All was well and good for more than 40 years. But then it started to get a little cozy at the inn. The growth in landlines, fax machines, computer modems and those new-fangled mobile phones started to crowd the system. And there's comes a time when you can no longer just add "1" to get a new number. And so in 1995, Alabama, a state not normally associated with hi tech, became ground zero in the telecommunications revolution. A new confederacy was started, when the southern half of the state withdrew from the north, or to be more accurate, was withdrawn. And where before all Crimson Tiders lived together harmoniously in 205, now half lived in area code 205 and half lived in 334.

As the need picked up, the pace picked up. Texas and Washington, Florida and Massachusetts all divided like so many amoebas. In New Jersey alone, there were three splits in two years. In 1997 the folks in New Brunswick, Rahway and the Jersey shore jumped their 908 ship for 732, while the 201's of Newark, Paterson and Morristown decamped for 973. And in 1999, some 609'ers set up shop as the 856's of Camden and Vineland.  

Realizing their had to be a better way than making people reprint their business cards over and over, a different approach was tried. A new area code could be overlaid on top of an old, allowing those original homesteaders to keep their numbers, while the new kids on the block would get a different address. That did mean that whereas before neighbors in a given area code could skip dialing those first three digits, overlaying necessitated "mandatory 10 digit dialing." You should send a "thank you" note to Silver Spring, Frederick and Cumberland Maryland residents for being the first to attempt this technological sleight-of-hand.

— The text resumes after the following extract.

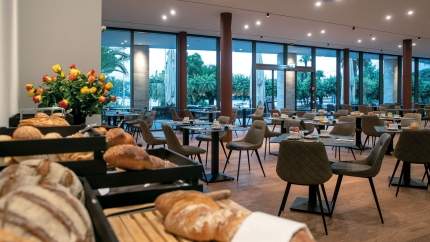 Hotel & Lounge Lago Maggiore restaurant with food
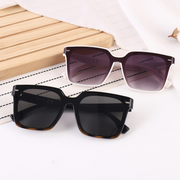 Deluxe ins Large Frame Adult Sunglasses (Blend)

And that's where we are today. Add in the provision in the Telecommunications Act of 1996 which allows you to take that 10-digit number to whatever company you choose, plus the fact that most new lines today are of the mobile variety, and you have a situation where you are area coded for life. Wherever you go, whatever mobile plan you sign up for, that number will work. You can have 914 if you move to Chicago, or 917 if you set up shop on LA. And while it might confuse the people you talk to, the system is designed to make it all work seamlessly.

Funny how we are told to safeguard so many numbers: social security, bank account, credit card. Yet at the same time we freely give out our phone numbers, when those are becoming the one clue that reliably tells people our origin. Yours is 732? A Jersey Boy at heart. You a 669? You're a Silicon Valley girl. It could put the NSA out of business.